## Task description
Leave out the pictures, and print exactly the lines from the one holding "Clearwater Outfitters Men's" through the last line of the material.

## Data for review
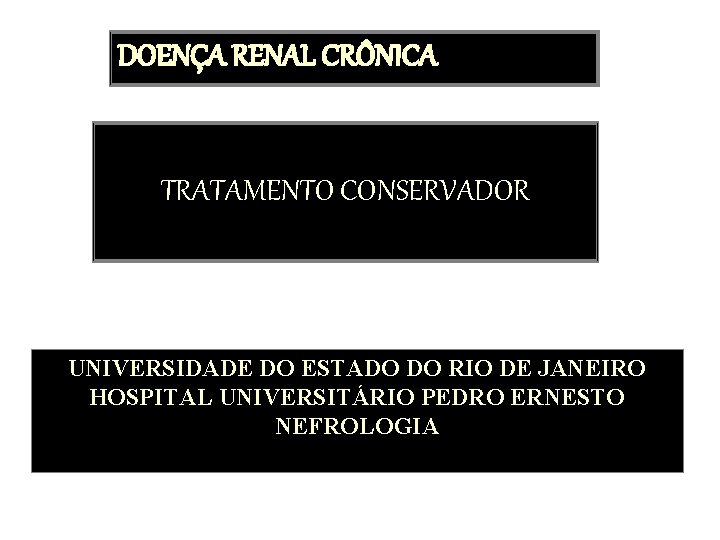 DOENÇA RENAL CRÔNICA TRATAMENTO CONSERVADOR UNIVERSIDADE DO ESTADO DO RIO DE JANEIRO HOSPITAL UNIVERSITÁRIO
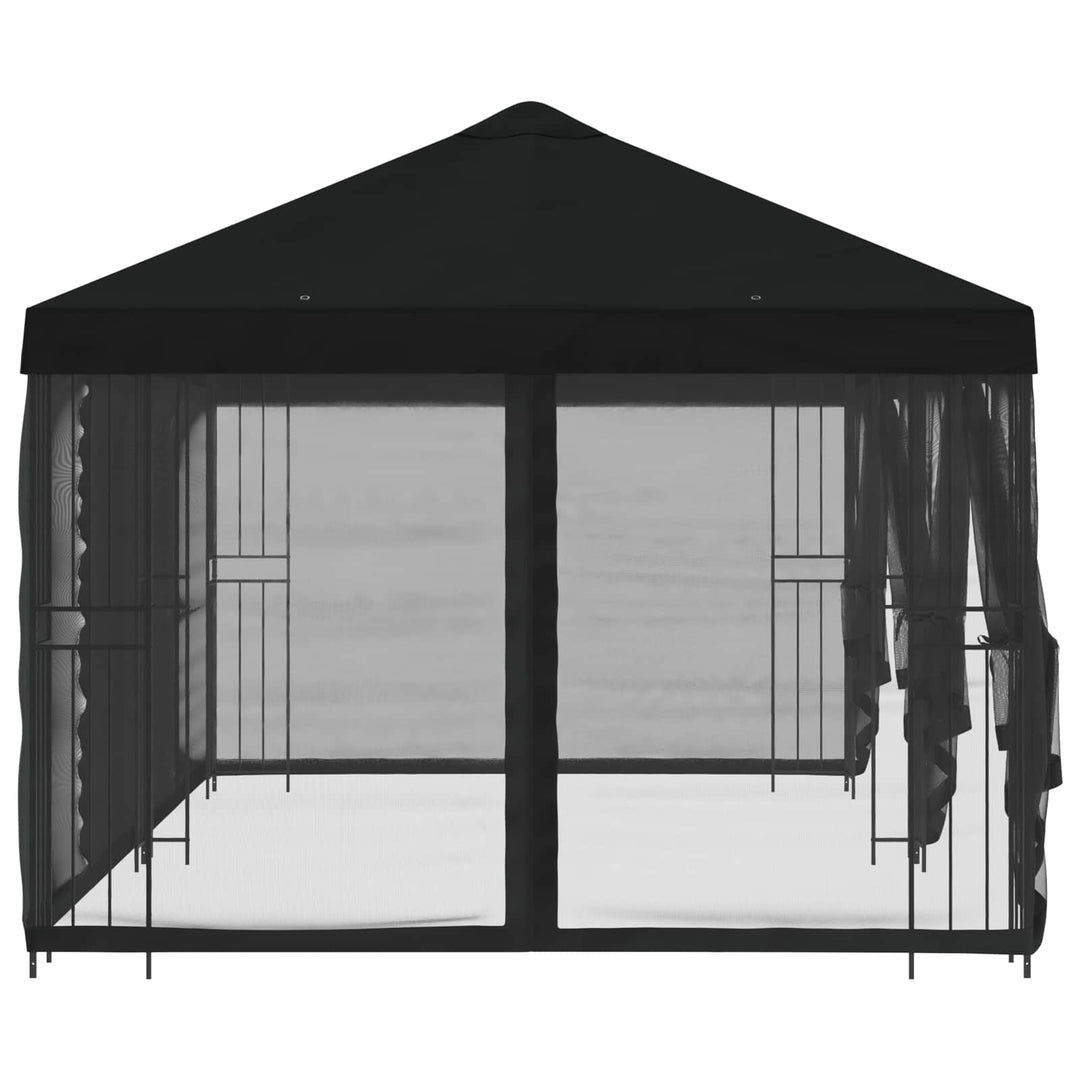Pavillon med sidetapper 6 x 3 m Sort Polyester og Stål 190
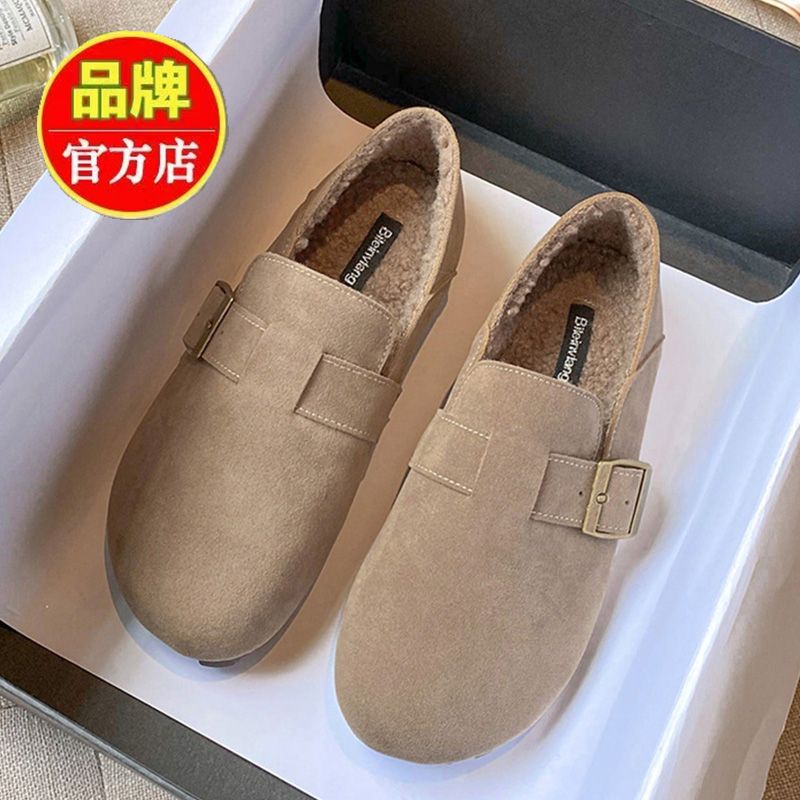 红蜻蜓牌勃肯鞋女2023新款秋冬孕妇鞋一脚蹬女鞋加绒软底小码33博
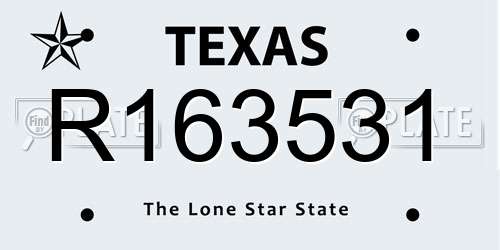 R163531 Texas License Plate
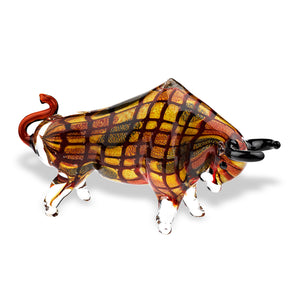 HomeRoots 9 Multicolor Large Bull Art Glass 376111-HOMEROOTS 376111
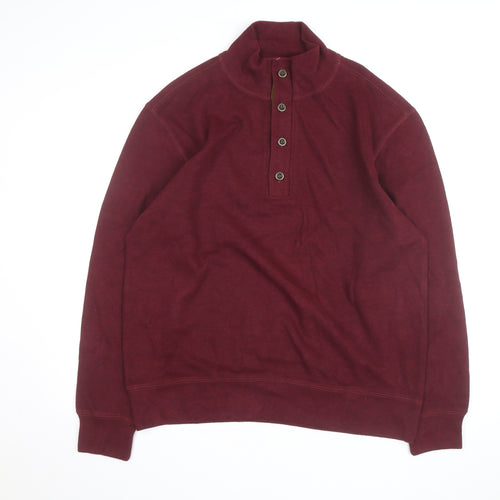 Clearwater Outfitters Men's Red Henley Jumper L Cotton Blend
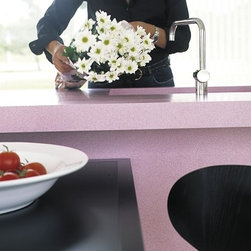 Pink Durat Kitchen with Flowers - Kitchen Countertops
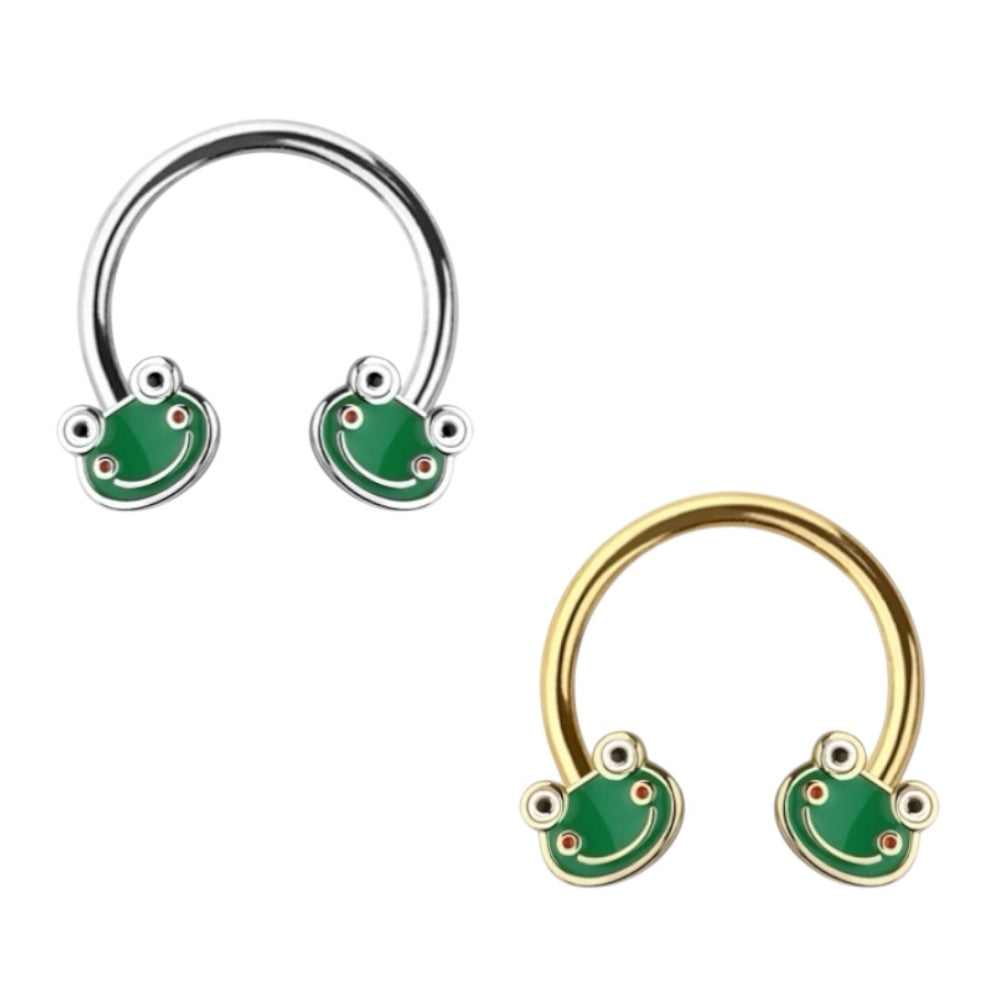Surgical Steel Horseshoe Circular Barbell 16G 10mm Green Frog Smile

## Solution for this problem
 Clearwater Outfitters Men's Red Henley Jumper L Cotton Blend
 Pink Durat Kitchen with Flowers - Kitchen Countertops
Surgical Steel Horseshoe Circular Barbell 16G 10mm Green Frog Smile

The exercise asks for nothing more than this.